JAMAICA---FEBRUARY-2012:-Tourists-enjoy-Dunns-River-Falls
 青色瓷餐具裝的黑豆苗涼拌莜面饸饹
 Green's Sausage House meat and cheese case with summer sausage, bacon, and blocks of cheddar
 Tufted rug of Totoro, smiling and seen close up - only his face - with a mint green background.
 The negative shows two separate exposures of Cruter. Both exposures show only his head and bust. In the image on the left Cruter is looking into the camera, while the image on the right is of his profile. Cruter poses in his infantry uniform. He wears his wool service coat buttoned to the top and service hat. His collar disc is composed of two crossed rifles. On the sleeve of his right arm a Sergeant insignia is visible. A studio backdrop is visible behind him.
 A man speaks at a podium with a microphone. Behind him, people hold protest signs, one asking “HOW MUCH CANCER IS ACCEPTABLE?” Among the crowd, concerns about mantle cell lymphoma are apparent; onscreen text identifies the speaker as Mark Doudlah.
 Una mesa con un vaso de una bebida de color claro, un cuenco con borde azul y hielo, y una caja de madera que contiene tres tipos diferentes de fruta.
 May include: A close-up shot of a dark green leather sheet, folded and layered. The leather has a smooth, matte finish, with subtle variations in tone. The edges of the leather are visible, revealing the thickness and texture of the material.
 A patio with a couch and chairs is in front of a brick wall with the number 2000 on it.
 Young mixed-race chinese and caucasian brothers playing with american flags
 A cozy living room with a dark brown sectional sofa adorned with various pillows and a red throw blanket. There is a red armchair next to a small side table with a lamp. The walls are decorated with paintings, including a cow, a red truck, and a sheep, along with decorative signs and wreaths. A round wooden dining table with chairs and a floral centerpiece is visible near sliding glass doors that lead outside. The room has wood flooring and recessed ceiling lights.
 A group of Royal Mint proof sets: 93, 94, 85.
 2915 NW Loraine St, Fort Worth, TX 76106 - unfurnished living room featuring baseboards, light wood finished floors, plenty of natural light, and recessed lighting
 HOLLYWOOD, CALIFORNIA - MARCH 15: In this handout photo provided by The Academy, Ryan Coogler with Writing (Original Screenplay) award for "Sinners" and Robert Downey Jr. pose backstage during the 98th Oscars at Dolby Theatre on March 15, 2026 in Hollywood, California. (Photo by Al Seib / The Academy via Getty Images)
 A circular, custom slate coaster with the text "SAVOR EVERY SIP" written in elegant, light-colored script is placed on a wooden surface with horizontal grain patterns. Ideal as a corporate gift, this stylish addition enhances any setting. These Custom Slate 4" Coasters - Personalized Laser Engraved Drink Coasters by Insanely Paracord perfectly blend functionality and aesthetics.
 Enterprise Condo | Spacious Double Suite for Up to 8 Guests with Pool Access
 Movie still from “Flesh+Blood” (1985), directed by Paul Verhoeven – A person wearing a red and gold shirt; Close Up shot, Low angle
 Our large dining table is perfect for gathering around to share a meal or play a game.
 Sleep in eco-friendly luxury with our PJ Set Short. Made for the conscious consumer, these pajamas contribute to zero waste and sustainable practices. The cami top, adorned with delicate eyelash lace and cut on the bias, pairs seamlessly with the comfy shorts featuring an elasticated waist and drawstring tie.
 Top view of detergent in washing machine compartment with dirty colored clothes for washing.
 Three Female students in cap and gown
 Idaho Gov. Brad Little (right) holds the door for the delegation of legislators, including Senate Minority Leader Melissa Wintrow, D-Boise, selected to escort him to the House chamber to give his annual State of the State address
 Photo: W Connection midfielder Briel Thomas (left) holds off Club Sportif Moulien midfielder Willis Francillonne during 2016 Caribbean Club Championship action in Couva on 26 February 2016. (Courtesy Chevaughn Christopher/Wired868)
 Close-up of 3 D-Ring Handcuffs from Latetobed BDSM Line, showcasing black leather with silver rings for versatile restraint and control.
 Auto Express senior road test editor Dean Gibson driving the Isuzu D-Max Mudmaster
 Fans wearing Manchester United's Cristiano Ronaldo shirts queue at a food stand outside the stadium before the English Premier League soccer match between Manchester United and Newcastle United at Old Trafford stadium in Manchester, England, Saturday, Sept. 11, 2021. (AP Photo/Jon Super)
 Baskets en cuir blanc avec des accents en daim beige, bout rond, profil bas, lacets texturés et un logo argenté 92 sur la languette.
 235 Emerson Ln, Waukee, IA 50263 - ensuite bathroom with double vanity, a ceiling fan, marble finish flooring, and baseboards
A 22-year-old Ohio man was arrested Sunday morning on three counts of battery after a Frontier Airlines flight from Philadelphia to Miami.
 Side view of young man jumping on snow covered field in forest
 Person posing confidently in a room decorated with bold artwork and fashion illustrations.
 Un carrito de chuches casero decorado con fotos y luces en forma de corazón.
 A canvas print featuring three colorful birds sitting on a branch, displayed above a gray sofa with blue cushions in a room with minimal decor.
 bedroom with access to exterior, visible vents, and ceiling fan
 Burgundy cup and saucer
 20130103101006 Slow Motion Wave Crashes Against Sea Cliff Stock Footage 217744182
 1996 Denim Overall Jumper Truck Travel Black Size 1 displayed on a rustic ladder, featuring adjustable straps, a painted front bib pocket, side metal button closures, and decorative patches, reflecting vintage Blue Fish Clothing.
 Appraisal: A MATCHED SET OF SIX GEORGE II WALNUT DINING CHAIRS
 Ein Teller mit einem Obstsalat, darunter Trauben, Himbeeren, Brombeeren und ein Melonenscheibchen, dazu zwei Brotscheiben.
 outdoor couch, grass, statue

::::

_What this task involves_
Send back an exact copy of only the lines from the line with "Burgundy cup and saucer" up to and including the line with "Appraisal: A MATCHED" in the data above.

_Solution below_
 Burgundy cup and saucer
 20130103101006 Slow Motion Wave Crashes Against Sea Cliff Stock Footage 217744182
 1996 Denim Overall Jumper Truck Travel Black Size 1 displayed on a rustic ladder, featuring adjustable straps, a painted front bib pocket, side metal button closures, and decorative patches, reflecting vintage Blue Fish Clothing.
 Appraisal: A MATCHED SET OF SIX GEORGE II WALNUT DINING CHAIRS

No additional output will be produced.